───── Provided records
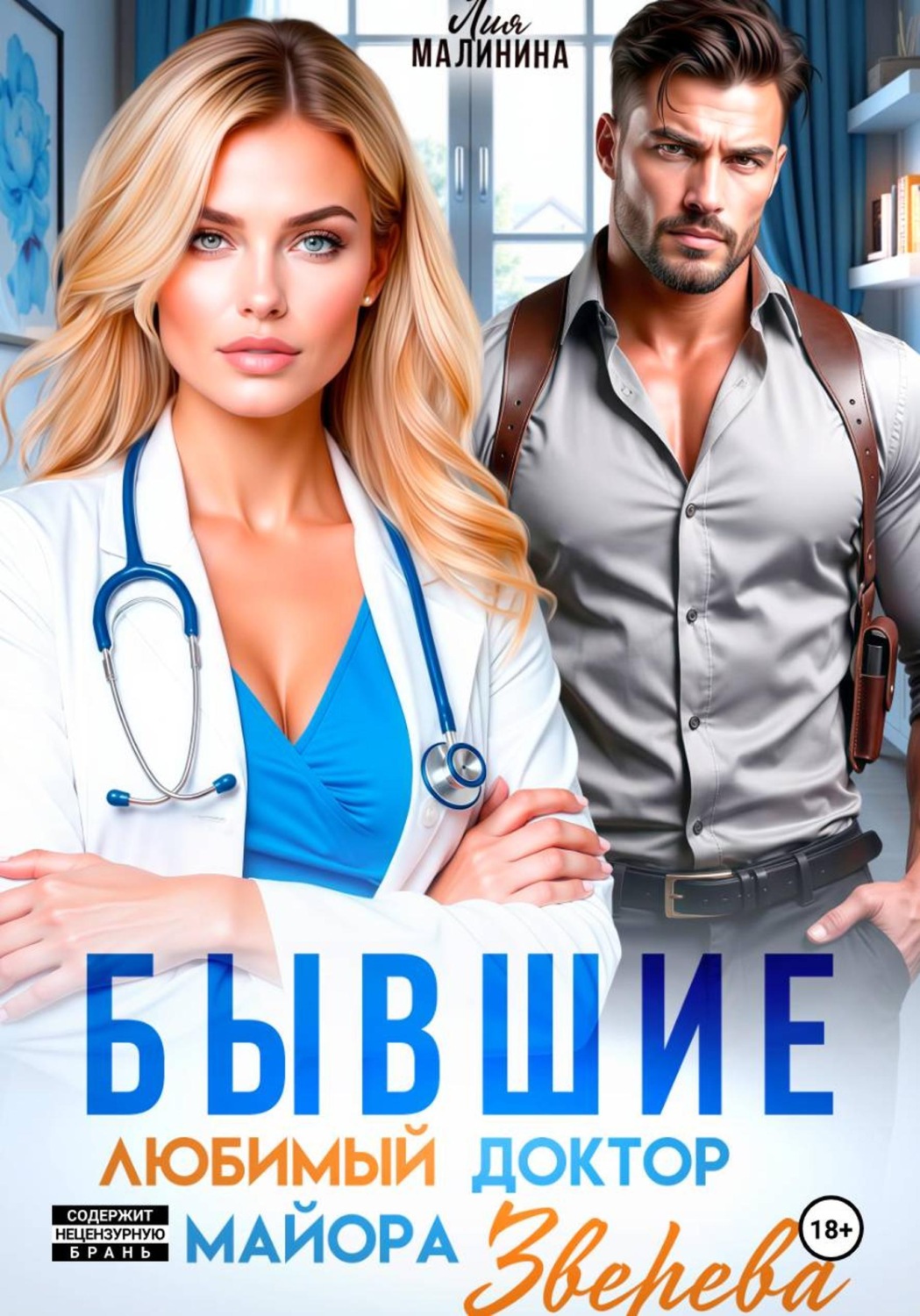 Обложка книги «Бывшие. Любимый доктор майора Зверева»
──────────
───── Provided records
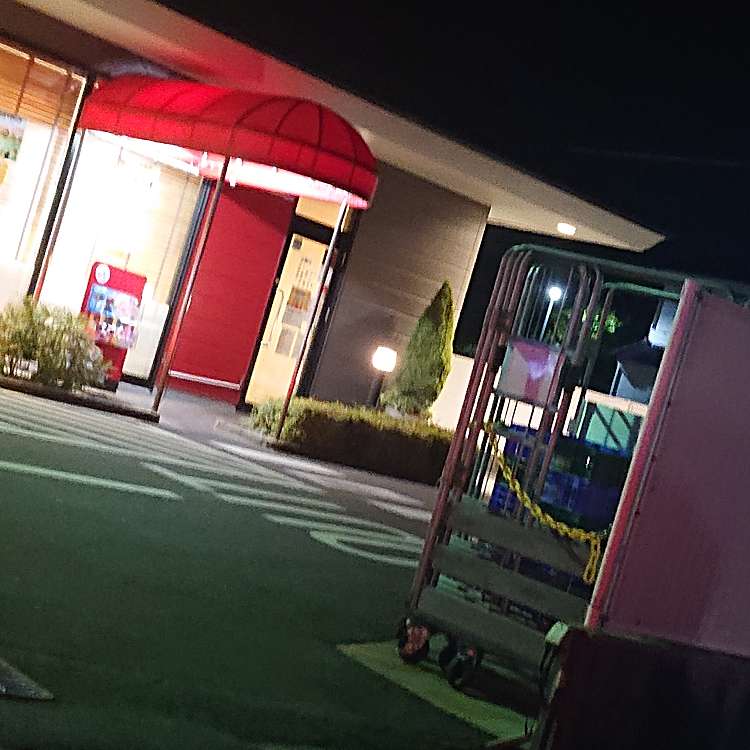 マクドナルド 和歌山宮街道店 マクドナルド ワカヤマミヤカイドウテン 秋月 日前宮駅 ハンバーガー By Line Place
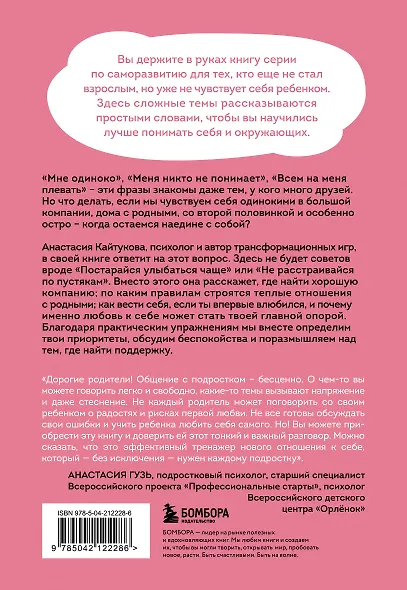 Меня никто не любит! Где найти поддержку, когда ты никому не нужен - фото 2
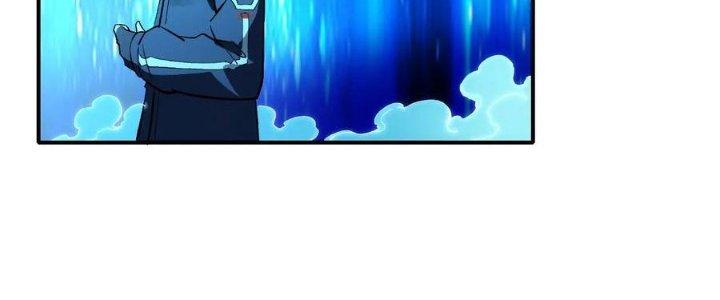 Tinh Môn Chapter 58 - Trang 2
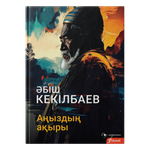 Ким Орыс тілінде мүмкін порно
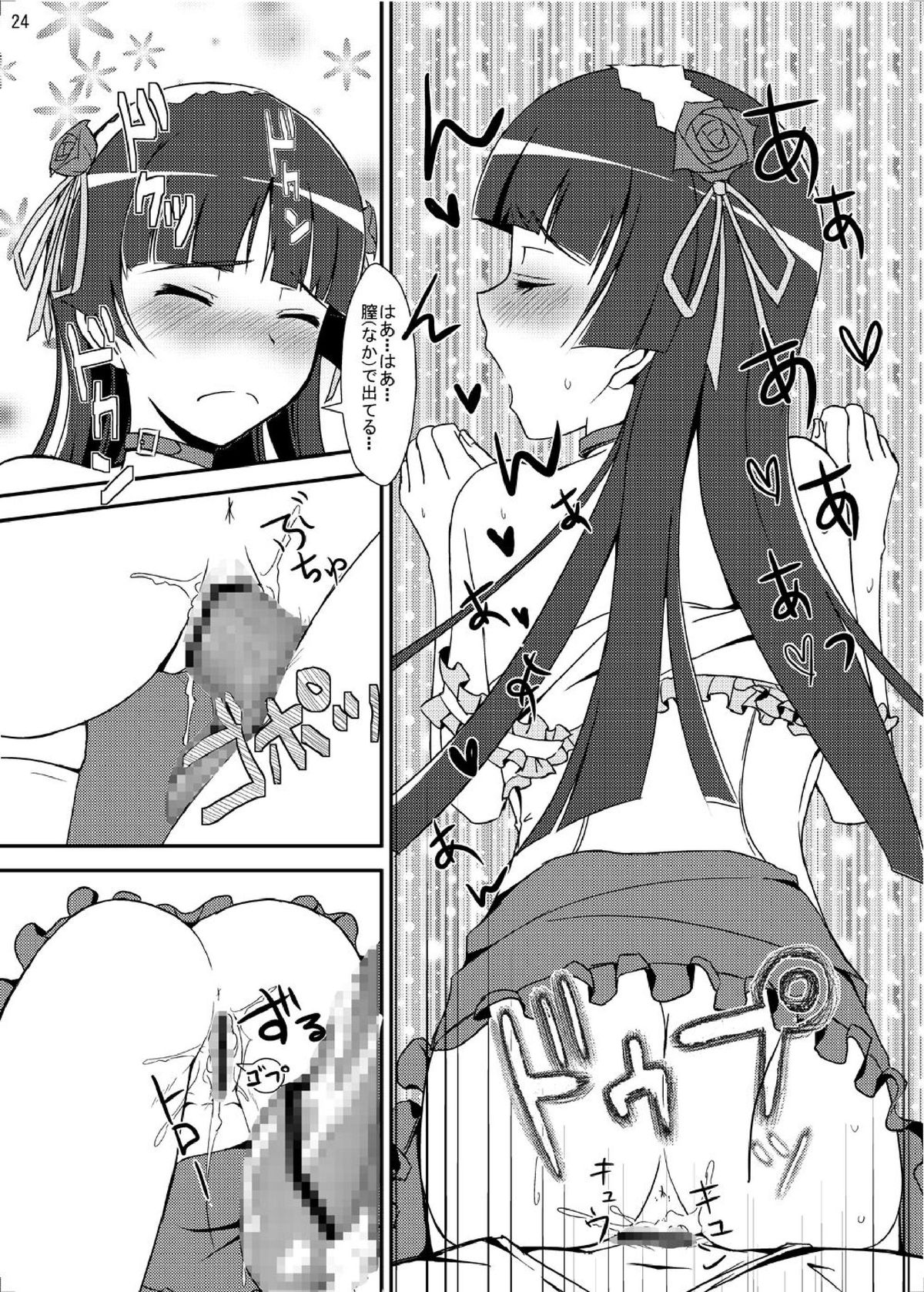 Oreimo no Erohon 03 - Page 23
──────────
#### What to do
What is needed is an exact copy of only the lines above from the one with "マクドナルド 和歌山宮街道店 マクドナルド" to the one with "Oreimo no Erohon 03 - Page 23", both kept, with every picture left out.

#### Exercise answer
 マクドナルド 和歌山宮街道店 マクドナルド ワカヤマミヤカイドウテン 秋月 日前宮駅 ハンバーガー By Line Place
 Меня никто не любит! Где найти поддержку, когда ты никому не нужен - фото 2
 Tinh Môn Chapter 58 - Trang 2
 Ким Орыс тілінде мүмкін порно
 Oreimo no Erohon 03 - Page 23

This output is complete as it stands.